Un altro caso evocato a margine della vicenda Magherini è quella del giovane Aldovrandi, risalente a molti anni fa, nel 2005, per il quale sono stati condannati in via definitiva quattro poliziotti per eccesso colposo nell’ “uso legittimo delle armi“.
Episodi drammatici (Aldovrandi Cucchi, Magherini) hanno attraversato gli ultimi anni della storia civile del nostro paese, ponendo al centro dell’attenzione un problema dai contorni simili. Da un lato: la condizione della persona “problematica“ e “pericolosa“ (per ragioni sanitarie, comportamentali, persino giudiziarie) nei confronti dell’autorità. Dall’altro, la scelta di atti adeguati e corretti da parte delle forze dell’ordine nei confronti del soggetto controllato o ristretto. Una questione che deve essere vista dalla parte del cittadino inquisito e da quella dell’autorità inquirente, ma che ha al centro gli stessi valori, il rispetto della persona e quello delle regole di azione nei confronti di chiunque.

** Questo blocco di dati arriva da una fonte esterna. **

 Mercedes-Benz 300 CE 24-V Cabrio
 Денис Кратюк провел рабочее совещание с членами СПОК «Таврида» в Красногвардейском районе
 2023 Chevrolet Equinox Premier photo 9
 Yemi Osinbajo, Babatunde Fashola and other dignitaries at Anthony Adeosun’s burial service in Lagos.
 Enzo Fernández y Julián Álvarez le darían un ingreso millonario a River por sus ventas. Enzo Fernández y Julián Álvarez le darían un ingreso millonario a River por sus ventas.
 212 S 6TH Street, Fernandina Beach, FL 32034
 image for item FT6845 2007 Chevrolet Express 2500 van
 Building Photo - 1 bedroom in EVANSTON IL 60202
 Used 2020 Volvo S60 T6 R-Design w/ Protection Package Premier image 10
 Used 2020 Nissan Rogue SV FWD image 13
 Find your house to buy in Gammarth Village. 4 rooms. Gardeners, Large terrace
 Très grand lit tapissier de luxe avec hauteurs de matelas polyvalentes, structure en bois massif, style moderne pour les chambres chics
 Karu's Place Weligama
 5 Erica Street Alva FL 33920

Il dolore non può rinunciare a interrogarsi sul singolo caso
La decisione della Cassazione ha determinato stupore e forse collide con il sentimento popolare, soprattutto sembra lasciare un vuoto. Nella comprensione dei fatti, nella spiegazione di una morte, nel chiarimento di un problema. E tuttavia spesso nella lettura delle vicende si adotta il criterio erroneo della sovrapposizione di un fatto ad altri, di una ricostruzione ad altre ritenute simili, e riesce facile la conclusione sommaria di riunirli tutti sotto la stessa voce. Così un processo rischia di trasformarsi in processi simili. Un po’ avviene anche con la vicenda Magherini. Ha organizzato una manifestazione di protesta un’associazione costituitasi “contro gli abusi in divisa”.
La solidarietà umana, la vicinanza al dolore di un padre, o di una madre, o di una sorella, per la morte dei loro giovani congiunti non può tramutarsi in una generalizzazione inappropriata. Ma ogni caso è a se stante, richiede un approfondimento specifico, può portare anche a conclusioni differenti pur nella stessa ottica di rispetto dei valori su cui si basa una collettività. Non ci sono “gli abusi in divisa“, ma quegli specifici abusi avvenuti quel giorno, in quel luogo, ai danni di quel tale.
Il vuoto di risposta che tutti avvertono con sconcerto rischia di diventare incolmabile e devastante quando si smarrisce la singolarità di ciascuna vicenda, e si perde il senso di unicità di una morte. La spiegazione processuale che si cerca faticosamente e magari discutibilmente di raggiungere è solo quella che concerne gli individui che vi sono coinvolti. La somiglianza è un criterio che porta fuori strada.